The New Jersey rule also requires counsel to locate an “IT witness”:
Counsel shall also identify a person or persons with knowledge about the client’s information management systems, including computer-based and other digital systems, with the ability to facilitate, through counsel, reasonably anticipated discovery.
Other jurisdictions are getting on the N. J. and Zubulake bandwagon and explicitly or implicitly requiring interaction between counsel and an IT “liaison”. They are, in effect, requiring counsel to assume the Zubulake duty and understand their client’s ESI architecture. See eg. D. Ark. L.R. 26.1 (2002); M. Dist. Pa. L.R. 26.1(a) (2005); D. Wyo. L. Civ. R. 26.1 (2005). Rule revisions are pending in many other jurisdictions, including many state courts. Many other courts, such as the district court in Orlando, do not have an express local rule, but nonetheless, the judges require it. If your court is silent so far, you run the risk of being a test case.

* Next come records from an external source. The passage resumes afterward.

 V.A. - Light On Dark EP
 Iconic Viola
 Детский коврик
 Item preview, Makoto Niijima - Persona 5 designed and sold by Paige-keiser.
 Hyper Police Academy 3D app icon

Your local court may decide to reject Zubulake and Phoenix, and not impose such strenuous duties on counsel who appear before it. They may let you off the hook when ESI is discovered at the last minute by your client, or worse, by opposing counsel. But until they expressly reject these cases, do you really want to take that chance? Do you want to simply accept at face value a client’s representation that the contents of a box or boxes of paper constitutes “the file,” or some other category of documents, and not discuss all of the in and outs of their ESI? Some in-house counsel say yes; if client says they are handling it, then outside counsel must abide by their instructions and let the client fulfill their obligations without you. See: Thomas Allman, Deterring E-Discovery Misconduct By Counsel Sanctions: The Unintended Consequences of Qualcomm v. Broadcom, 118 Yale L.J. Pocket Part 161 (2009). So far, however, I know of no courts who agree with that position.

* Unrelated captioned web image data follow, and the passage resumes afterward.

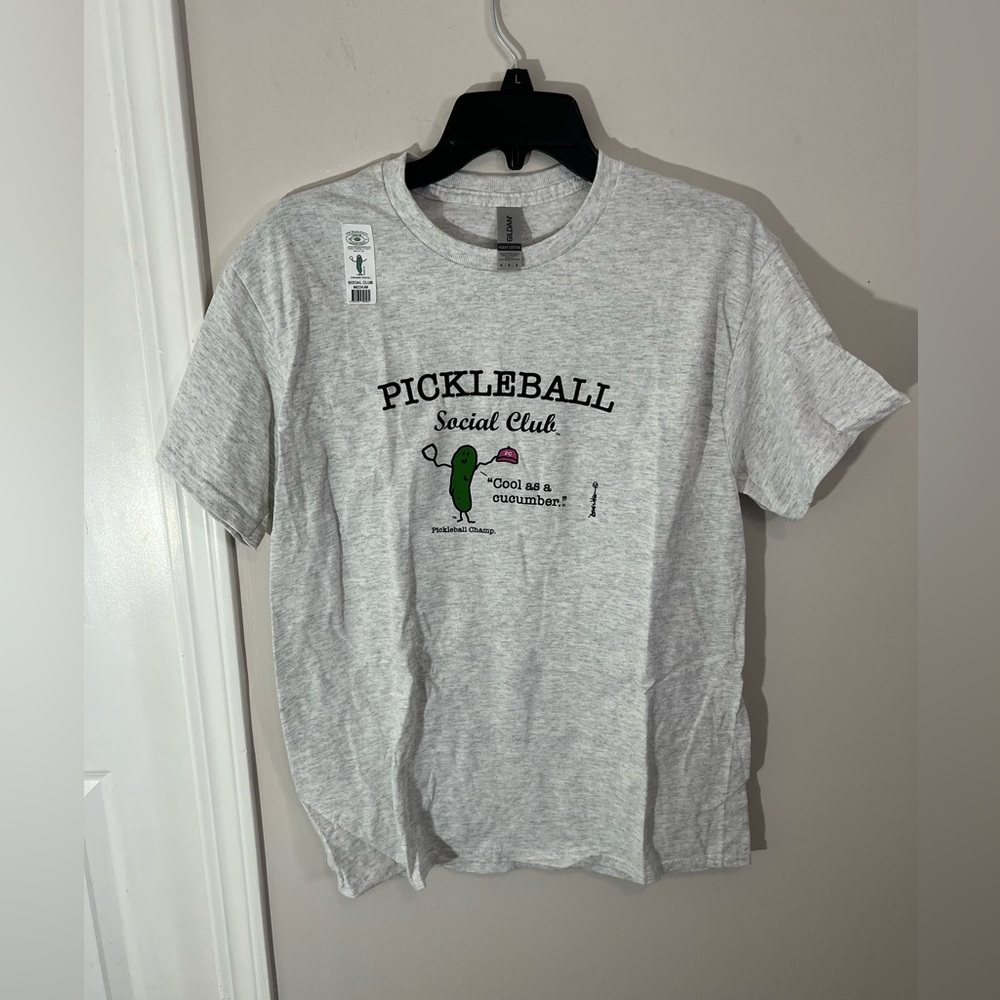 NWT Tyler Rose Accessories Pickle Ball Social Club Tee
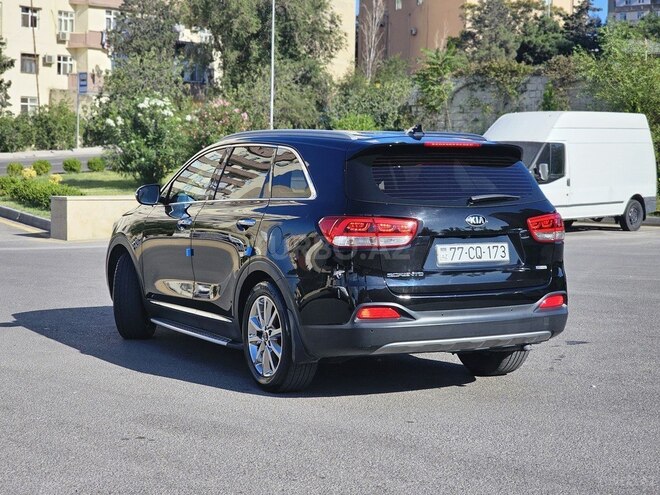 Kia Sorento 2017, 171,000 km - 2.0 l - Bakı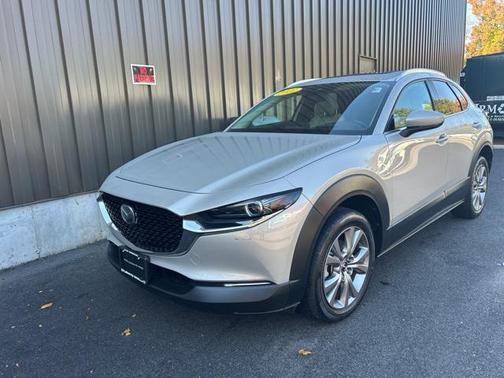 2022 Mazda CX-30 2.5 S Premium Package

In the old days (the early and mid-1990s), before the Information Age exploded (we are now up to 60 Billion emails a day), you probably would accept such representations, and let it go at that. Legal counsel would rarely, if ever, find it necessary to meet with file clerks and records custodians to verify the contents of paper records. In fact, depositions of paper records custodians have become mere formalities in most “paper” cases, and are usually replaced by a simple production of copies and later authenticity stipulations. But in today’s world, it can be negligence, or as Judge Baer held in Phoenix, “gross negligence”, to fail to meet with IT personnel and discuss the origins and completeness of discovery. If you do not, you could face sanctions against both your client and your law firm, or, even worse, lose otherwise defensible cases with adverse inference sanctions, such as in Zubulake ($29 Million) and Coleman (Parent) Holdings, Inc. v. Morgan Stanley & Co., Inc.,2005 WL 674885 (Fla.Cir.Ct.. 2005) ($1.45 Billion FJ); Bray & Gillespie Management v. Lexington Insurance Co., Case No. 6:07-cv-222-Orl-35KRS, Order by Magistrate Judge Spaulding dated March 4, 2009) (sanctions imposed against law firm).